**PROBLEM**
The records below need to come back exactly as they are, pictures omitted.

**DATA FOR PROCESSING**
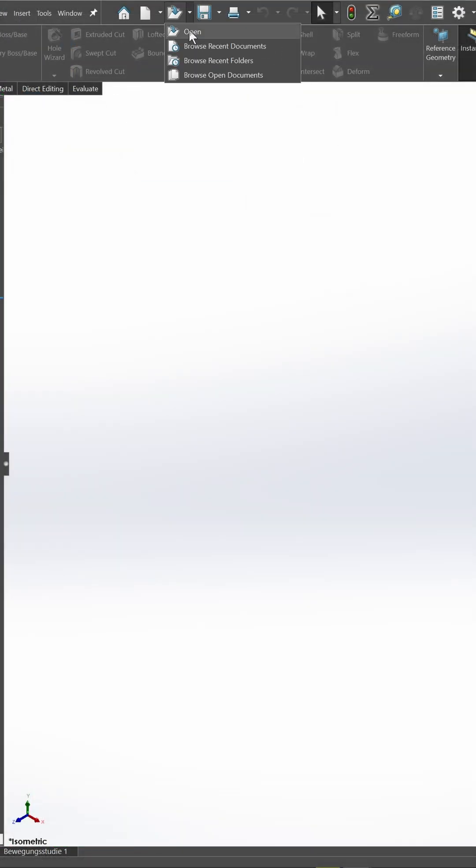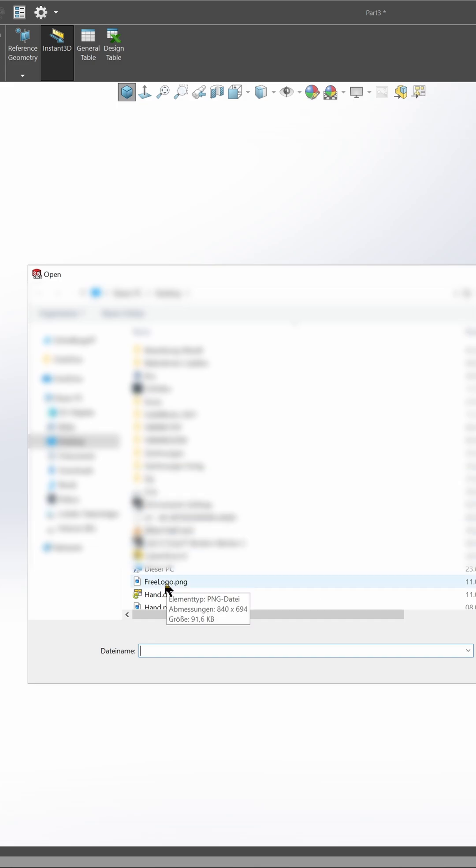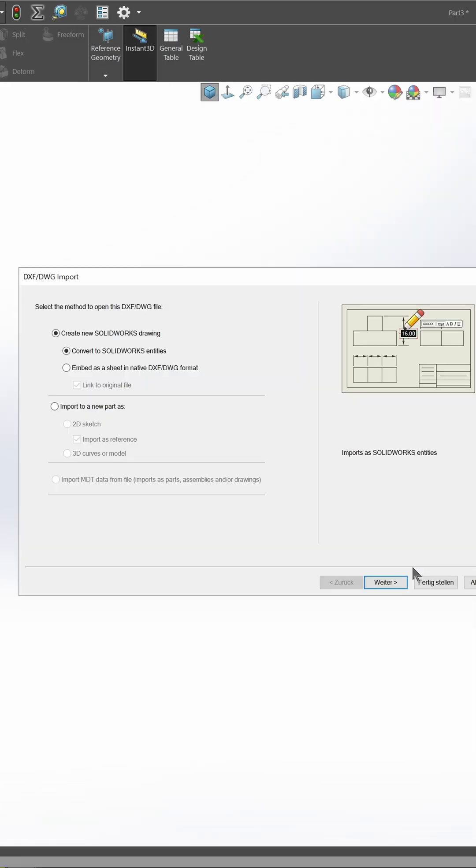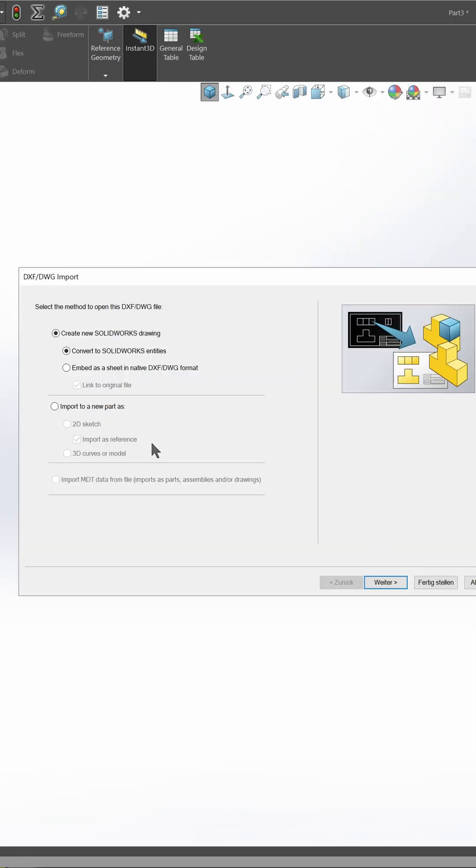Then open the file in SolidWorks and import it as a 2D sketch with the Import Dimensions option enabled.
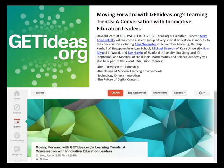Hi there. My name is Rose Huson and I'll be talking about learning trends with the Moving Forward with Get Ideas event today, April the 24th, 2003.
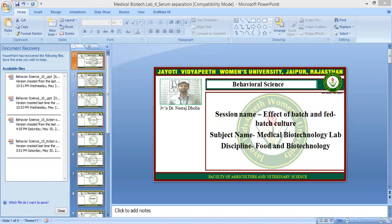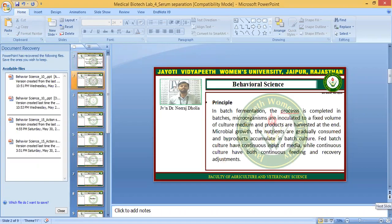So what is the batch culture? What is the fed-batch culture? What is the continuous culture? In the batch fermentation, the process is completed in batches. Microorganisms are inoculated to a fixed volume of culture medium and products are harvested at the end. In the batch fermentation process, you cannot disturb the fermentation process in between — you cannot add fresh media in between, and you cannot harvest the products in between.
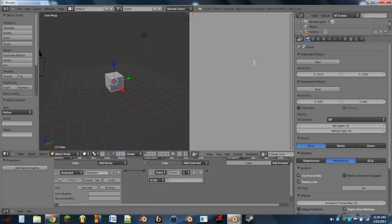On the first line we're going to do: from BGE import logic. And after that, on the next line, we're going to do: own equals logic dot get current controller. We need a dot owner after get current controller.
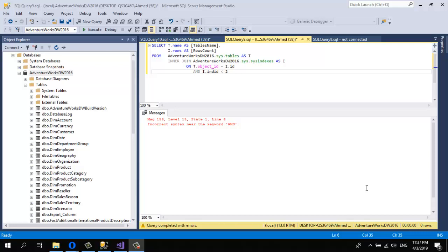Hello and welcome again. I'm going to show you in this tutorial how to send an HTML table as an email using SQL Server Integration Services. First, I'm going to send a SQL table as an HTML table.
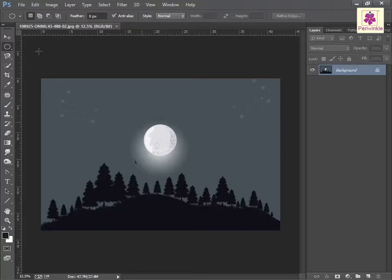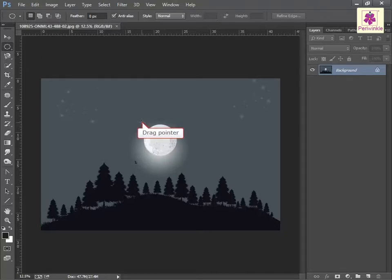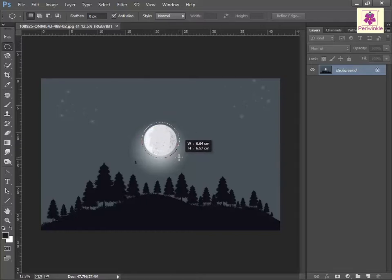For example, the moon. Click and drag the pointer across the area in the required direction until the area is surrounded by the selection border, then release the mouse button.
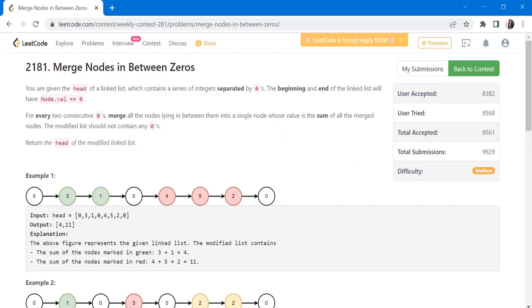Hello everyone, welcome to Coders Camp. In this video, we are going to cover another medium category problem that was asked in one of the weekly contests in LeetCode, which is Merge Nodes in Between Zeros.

**RESULT OF THIS TASK**
Then open the file in SolidWorks and import it as a 2D sketch with the Import Dimensions option enabled.
Hi there. My name is Rose Huson and I'll be talking about learning trends with the Moving Forward with Get Ideas event today, April the 24th, 2003.
So what is the batch culture? What is the fed-batch culture? What is the continuous culture? In the batch fermentation, the process is completed in batches. Microorganisms are inoculated to a fixed volume of culture medium and products are harvested at the end. In the batch fermentation process, you cannot disturb the fermentation process in between — you cannot add fresh media in between, and you cannot harvest the products in between.
On the first line we're going to do: from BGE import logic. And after that, on the next line, we're going to do: own equals logic dot get current controller. We need a dot owner after get current controller.
Hello and welcome again. I'm going to show you in this tutorial how to send an HTML table as an email using SQL Server Integration Services. First, I'm going to send a SQL table as an HTML table.
For example, the moon. Click and drag the pointer across the area in the required direction until the area is surrounded by the selection border, then release the mouse button.
Hello everyone, welcome to Coders Camp. In this video, we are going to cover another medium category problem that was asked in one of the weekly contests in LeetCode, which is Merge Nodes in Between Zeros.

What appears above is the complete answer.